Caption-style text data

=-=-=

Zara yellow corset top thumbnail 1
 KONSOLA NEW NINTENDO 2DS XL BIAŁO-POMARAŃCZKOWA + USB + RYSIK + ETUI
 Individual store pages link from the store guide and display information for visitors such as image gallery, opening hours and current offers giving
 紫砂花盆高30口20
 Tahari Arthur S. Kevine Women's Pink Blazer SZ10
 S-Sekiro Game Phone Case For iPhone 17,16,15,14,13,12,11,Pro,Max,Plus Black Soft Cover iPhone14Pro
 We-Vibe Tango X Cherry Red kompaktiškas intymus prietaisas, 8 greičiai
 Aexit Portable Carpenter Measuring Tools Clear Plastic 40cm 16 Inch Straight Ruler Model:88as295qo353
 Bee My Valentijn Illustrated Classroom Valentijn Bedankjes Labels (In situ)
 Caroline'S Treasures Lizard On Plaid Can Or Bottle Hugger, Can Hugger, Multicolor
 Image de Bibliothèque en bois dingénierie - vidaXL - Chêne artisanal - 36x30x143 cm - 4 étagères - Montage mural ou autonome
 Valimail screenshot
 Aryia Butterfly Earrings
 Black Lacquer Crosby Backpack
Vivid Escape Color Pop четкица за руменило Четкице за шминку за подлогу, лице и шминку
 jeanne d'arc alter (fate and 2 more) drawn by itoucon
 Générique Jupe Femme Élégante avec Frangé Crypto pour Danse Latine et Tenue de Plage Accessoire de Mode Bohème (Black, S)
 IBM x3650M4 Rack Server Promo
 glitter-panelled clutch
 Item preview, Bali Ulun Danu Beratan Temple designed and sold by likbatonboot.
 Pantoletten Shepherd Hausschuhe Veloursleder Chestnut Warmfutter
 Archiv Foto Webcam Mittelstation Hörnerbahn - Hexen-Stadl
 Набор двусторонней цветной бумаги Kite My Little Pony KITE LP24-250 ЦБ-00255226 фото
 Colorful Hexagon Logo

=-=-=

In the records above, find the line with "Tahari Arthur S."; write out exactly that line and each one after it, stopping after the line with "IBM x3650M4 Rack Server Promo".

 Tahari Arthur S. Kevine Women's Pink Blazer SZ10
 S-Sekiro Game Phone Case For iPhone 17,16,15,14,13,12,11,Pro,Max,Plus Black Soft Cover iPhone14Pro
 We-Vibe Tango X Cherry Red kompaktiškas intymus prietaisas, 8 greičiai
 Aexit Portable Carpenter Measuring Tools Clear Plastic 40cm 16 Inch Straight Ruler Model:88as295qo353
 Bee My Valentijn Illustrated Classroom Valentijn Bedankjes Labels (In situ)
 Caroline'S Treasures Lizard On Plaid Can Or Bottle Hugger, Can Hugger, Multicolor
 Image de Bibliothèque en bois dingénierie - vidaXL - Chêne artisanal - 36x30x143 cm - 4 étagères - Montage mural ou autonome
 Valimail screenshot
 Aryia Butterfly Earrings
 Black Lacquer Crosby Backpack
Vivid Escape Color Pop четкица за руменило Четкице за шминку за подлогу, лице и шминку
 jeanne d'arc alter (fate and 2 more) drawn by itoucon
 Générique Jupe Femme Élégante avec Frangé Crypto pour Danse Latine et Tenue de Plage Accessoire de Mode Bohème (Black, S)
 IBM x3650M4 Rack Server Promo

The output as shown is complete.